SEBI's Proposed Measures To Curb Speculative Trading In Index Derivatives
The Securities and Exchange Board of India (SEBI) recently announced a series of proposed measures aimed at curbing speculative trading activities in the index derivatives segment. The SEBI's announcement arose from concerns about the exponential rise in trading volume within the futures and options (F&O) segment. Understanding Derivatives Derivatives are financial...
The Securities and Exchange Board of India (SEBI) recently announced a series of proposed measures aimed at curbing speculative trading activities in the index derivatives segment.
The SEBI's announcement arose from concerns about the exponential rise in trading volume within the futures and options (F&O) segment.
Understanding Derivatives
Derivatives are financial contracts whose value is derived from an underlying asset, such as stocks, commodities, or currencies. Index derivatives derive their value from the underlying index. Two primary types of derivatives are futures and options. In a futures contract, the buyer is obliged to purchase the underlying asset at a predetermined price on a specified date. Conversely, an options contract gives the investor the right, but not the obligation to trade the underlying assets at a specific price on a predetermined date.
SEBI's Proposed Measures
Increase in Minimum Contract Size:
SEBI proposes to increase the minimum contract size for index derivatives from the current range of Rs 5 lakh to Rs 10 lakh, to Rs 15 lakh to Rs 20 lakh. This range will further increase to Rs 20 lakh to Rs 30 lakh after six months.

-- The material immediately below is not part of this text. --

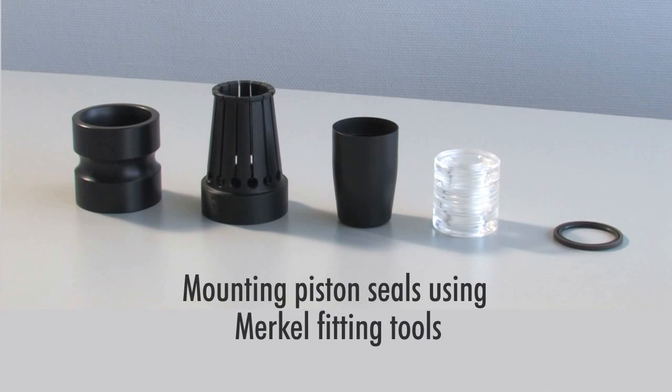Mounting piston seals using Merkle fitting tools. Merkle fitting tools will make it possible for you to assemble compact seals, U-packings, static seals and wipers without any metal retainer.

Upfront Collection of Option Premium:
Brokers will be required to collect option premiums upfront from clients.
Intraday Monitoring of Position Limits:
SEBI suggests that Market Infrastructure Institutions (MIIs), such as clearing corporations or stock exchanges, should monitor position limits for index derivative contracts on an intraday basis. Currently, position limits are monitored at the end of the day which can lead to undetected intraday positions beyond permissible limits.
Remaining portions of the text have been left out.